Para mim o direito ao
poder sobre o nosso corpo e consequentemente liberdade de poder terminar o
nosso sofrimento em condições que ninguém deseja viver é inelutável. Mas
compreendo que fazer depender a despenalização desse ato da intervenção de
outros elementos da sociedade civil implica algum respeito pela complexidade
dessa operacionalização. Creio que por isso até ao envio para promulgação e aí
veremos como é que se comporta o Presidente da República e não enquanto católico
praticante) poderão registar-se evoluções não necessariamente de pormenor.
Nestas coisas, tal
como noutras no passado, creio que o posicionamento afirmativo de muita gente
relativamente à despenalização nos termos contidos em que os projetos ontem
votados acabam por colocar o problema acaba por ser reforçado pelo atentado à
nossa inteligência que as perspetivas mais comicieiras do não à despenalização
tendem a manifestar na esfera pública. E isso não perdoo.

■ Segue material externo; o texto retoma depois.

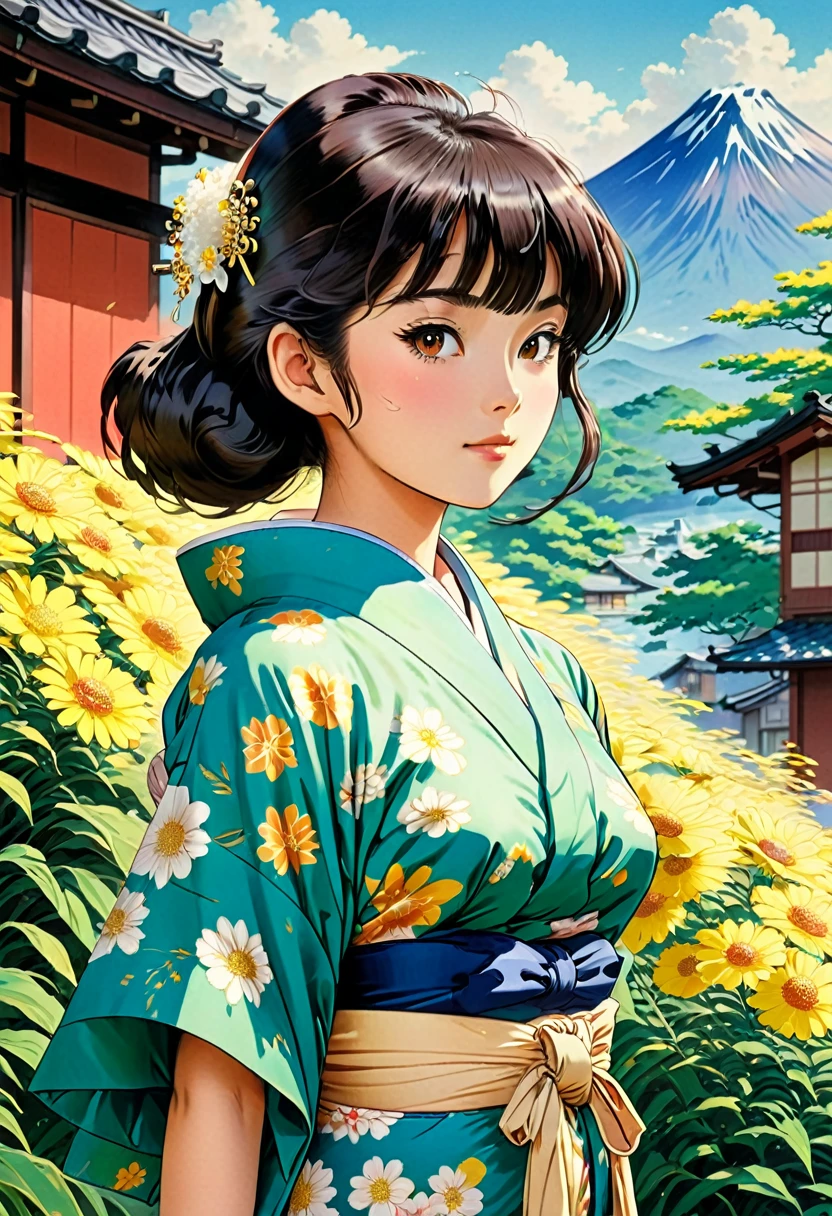 images or scene of young japanese adults 20ish both men and womenin 1960s japan during the summer in japanese countryside almost studio Ghibli feel, Ghibli art style,art style, (cartoon-style bold line work:1.2), vibrant colors, cel shading up close art style of animes during a very classic traditional japanese summertime very japanese bright vivid brilliant very vivid detailing of very 1960s Japan Summer like weight light kimonos and yukatas and 1960s style fashions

Não temos a mínima
culpa de que, por exemplo, a Igreja se feche a revisões de dogmas e não hesite
em pouco tempo mudar de opinião rejeitando primeiro e apoiando
entusiasticamente depois o referendo como tábua de salvação.
Para além disso,
estou farto de defesas paternalistas de “nãos” com base em argumentos de que é
possível criar condições de substituição do contexto que justifica os “sins”. O
melhor exemplo é o do não à regionalização que foi assumido, com êxito, na base
do pressuposto de que seria possível, num ambiente de descentralização alargado
e coerente, suprimir a necessidade de regionalização. Alguém do lado do “não”
mexeu alguma palha nesse sentido? Alguém deu atenção no dia seguinte a esse
argumento de responsabilidade?
Não subestimem, por
favor, a nossa inteligência.
É bom que tenhamos
Parlamento para outras matérias!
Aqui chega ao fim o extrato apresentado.